The authors of the study began with the assumption that trials using THREAD’s decentralized trial platform rebounded quickly because they were already working with—or were able to rapidly add—decentralized technology features and services. In addition, the study demonstrated that DCT-enabled trials were able to pivot rapidly as different geographies shut down. Traditional clinical trials had greater difficulty doing that, in part because trial protocols, study technologies, and schedule of event designs precluded the adoption of decentralized approaches, according to the authors. 

As John Reites, CEO of THREAD, explained, “This study is evidence that decentralized approaches are supporting sites and study teams to increase participant recruitment and retention in the more remote world that we now live in. Though the industry clearly understands the value, practicality, and promise of decentralized trials, it’s important for us to study, quantify, and report how these approaches positively impact clinical trials.”

The study was conducted to compare how well clinical trials performed using the THREAD DCT Platform versus those using traditional clinical trial processes with all site-based patient visits during the first three quarters of 2020. Study results were measured using Lokavant Insight, Lokavant’s clinical operations benchmarking solution.

“The study underscores the benefits of decentralized approaches in clinical trials by comparing trial methodologies through measurable operational data,” said Rohit Nambisan, president of Lokavant. “It also shows the importance of data-driven benchmarking, not only for developing a snapshot of relative study performance, but for planning studies effectively, managing trials proactively, and anticipating issues before they occur.”

The study explained that, according to the Society for Clinical Data Management (SCDM), one of the primary risk areas associated with clinical trials has been the dependency on research staff being continuously and physically on-site. Simple deviations to staff schedules, such as challenges to daily commute or personal leave, can cause delays to data entry and to site initiations and enrollments. As noted in the report, “In 2020, COVID-19 has transformed these constant background risks into pressing global issues.

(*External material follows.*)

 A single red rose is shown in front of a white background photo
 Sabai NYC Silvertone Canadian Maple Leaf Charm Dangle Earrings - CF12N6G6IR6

Several studies have sought to understand the broad impact of COVID-19 on clinical trials, but few have shown how this impact has differed between traditional site-based trials and those employing decentralized approaches for trial data collection. Now, more than a year after initial quarantines and stay-at-home orders took effect, we are able to start to understand whether the application of decentralized methods has allowed certain clinical trials to overcome these challenges.”

While the analysis is not supposed to be a comprehensive assessment of the impact of decentralized approaches on clinical trial success, the authors chose performance metrics relevant to clinical trial success and conducted the analysis to provide important information for industry, as research sponsors seek to integrate lessons from 2020 into future clinical trial designs. Additional analyses will be conducted in the future to supplement the analysis to more comprehensively and holistically address how decentralized trials fared in other performance focus areas against traditionally designed trials in 2020.